Supplied records:
========================

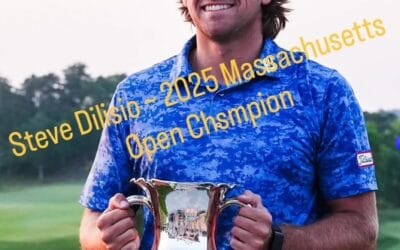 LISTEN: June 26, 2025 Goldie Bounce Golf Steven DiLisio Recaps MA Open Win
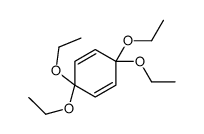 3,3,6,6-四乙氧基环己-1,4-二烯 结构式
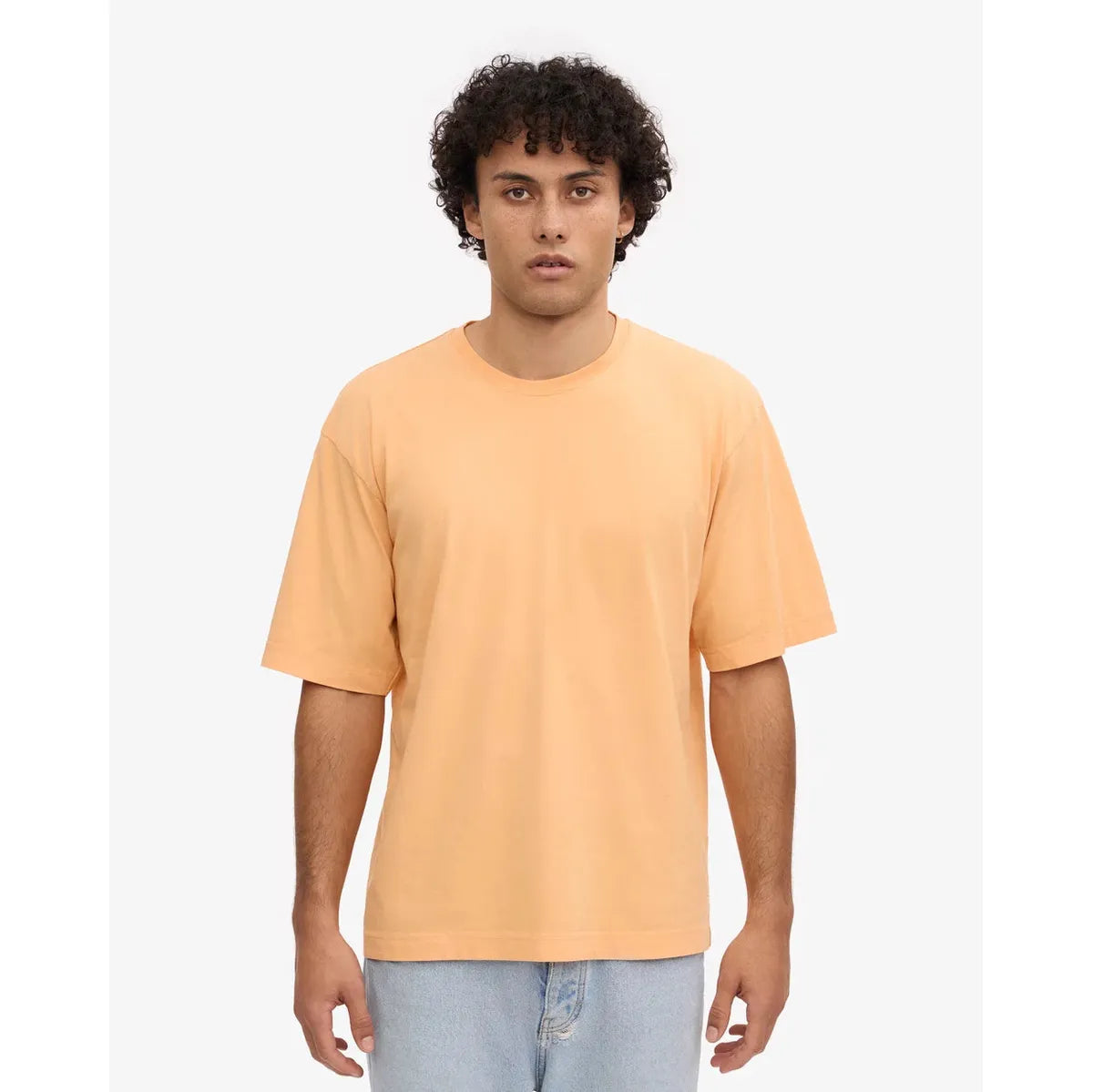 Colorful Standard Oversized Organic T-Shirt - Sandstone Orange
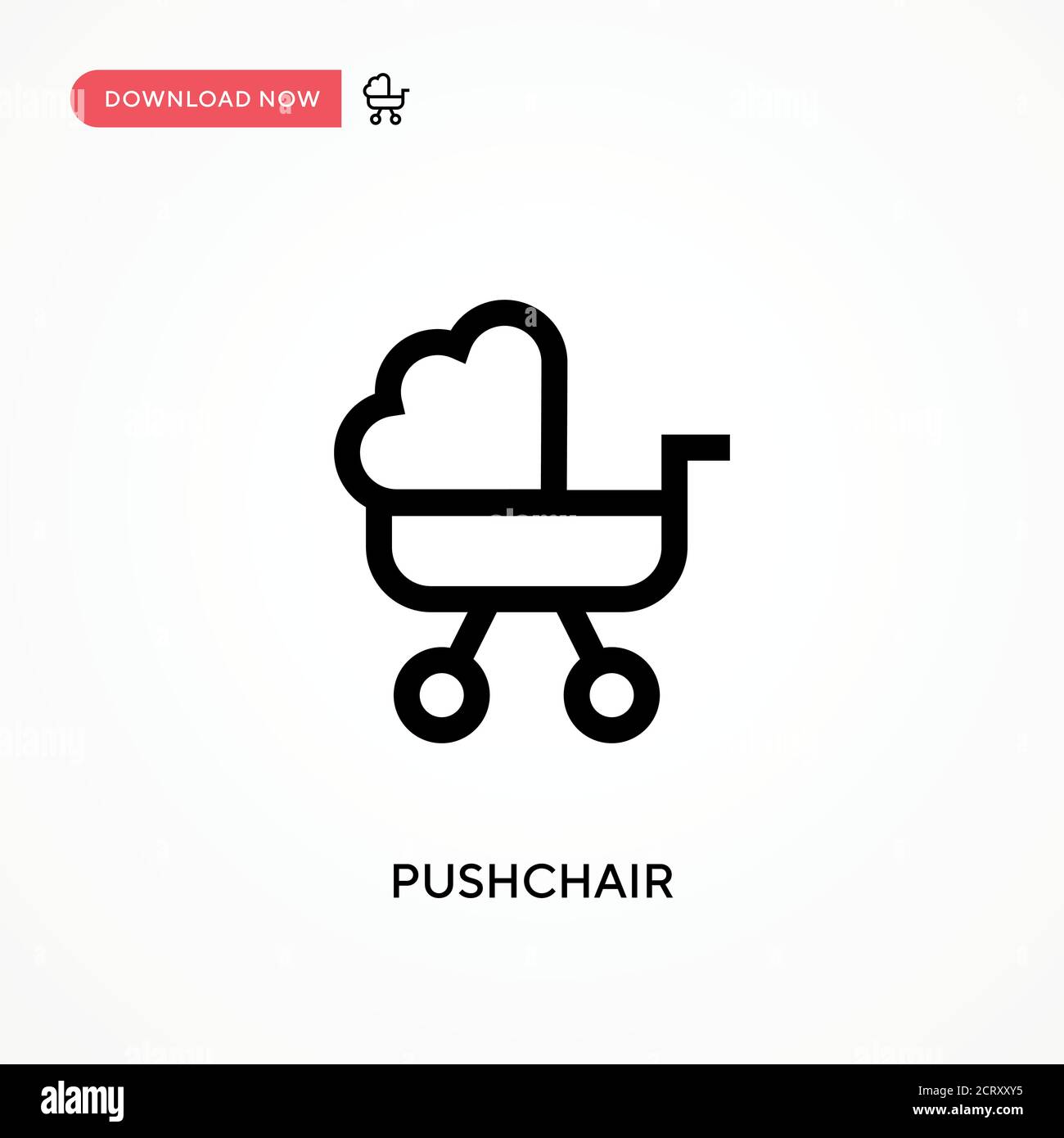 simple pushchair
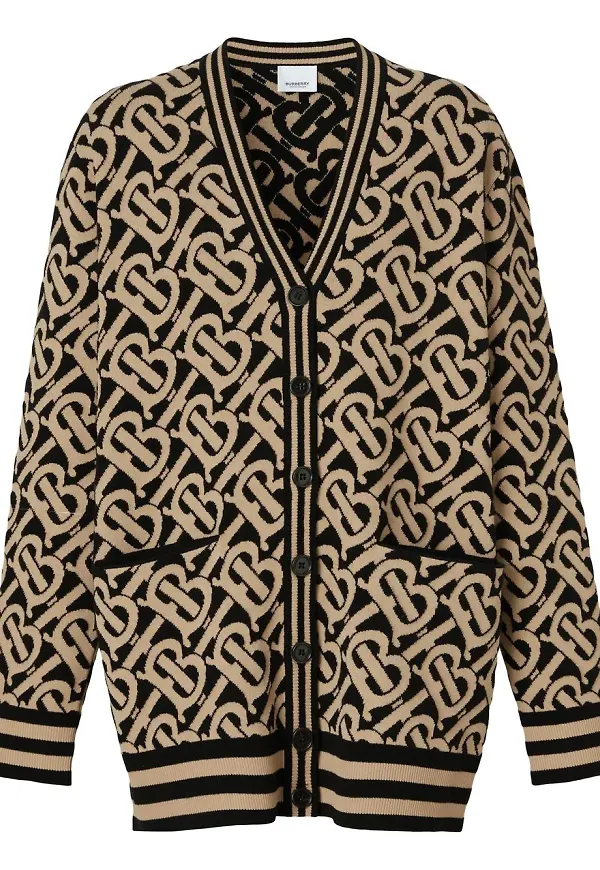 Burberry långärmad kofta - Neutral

========================

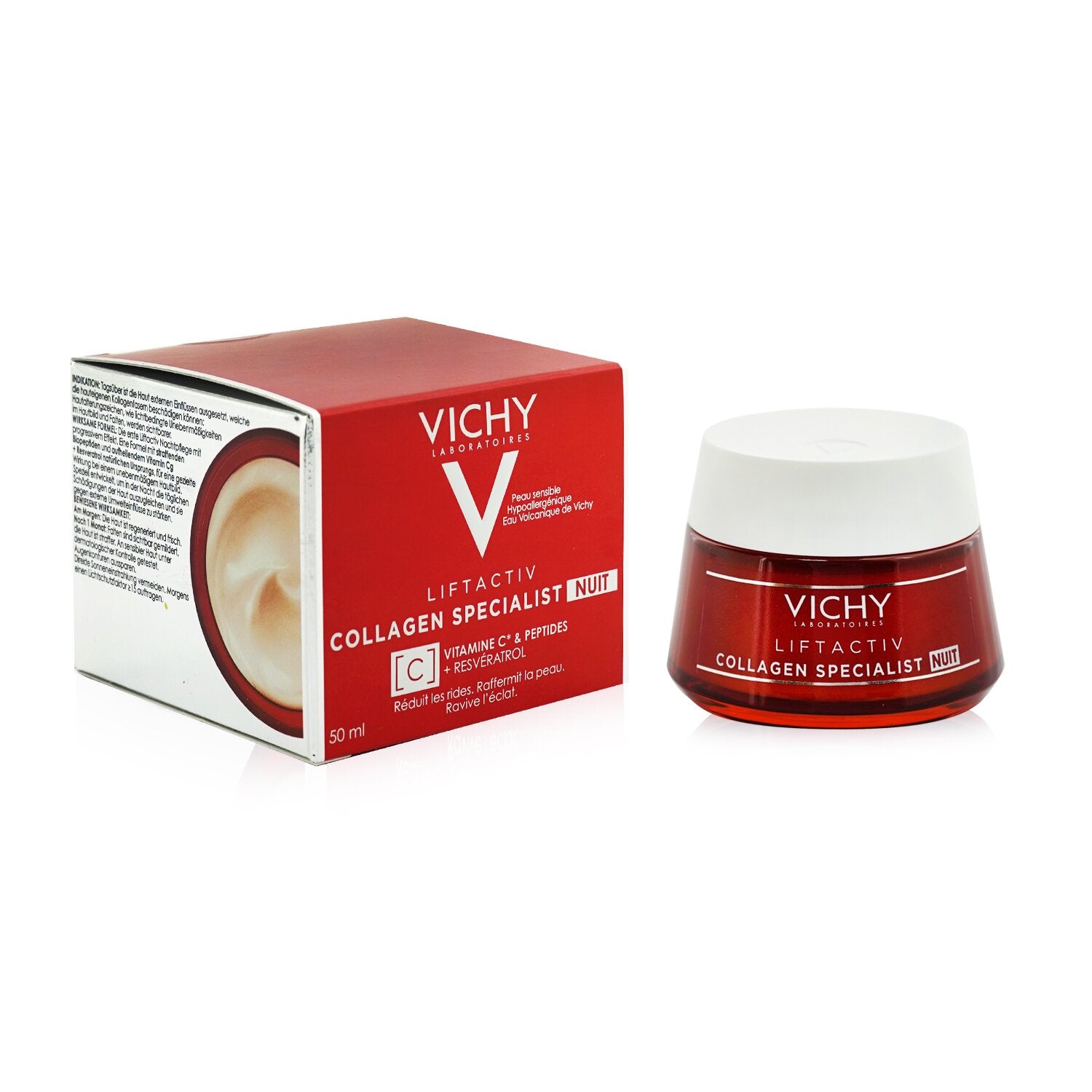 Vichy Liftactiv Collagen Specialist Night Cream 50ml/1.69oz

========================

Problem to work on:
Return only the part above that opens with the line containing "Colorful Standard Oversized" and closes with the line containing "Burberry långärmad kofta - Neutral", exactly and with both ends, skipping the pictures.

Output of the task:
 Colorful Standard Oversized Organic T-Shirt - Sandstone Orange
 simple pushchair
 Burberry långärmad kofta - Neutral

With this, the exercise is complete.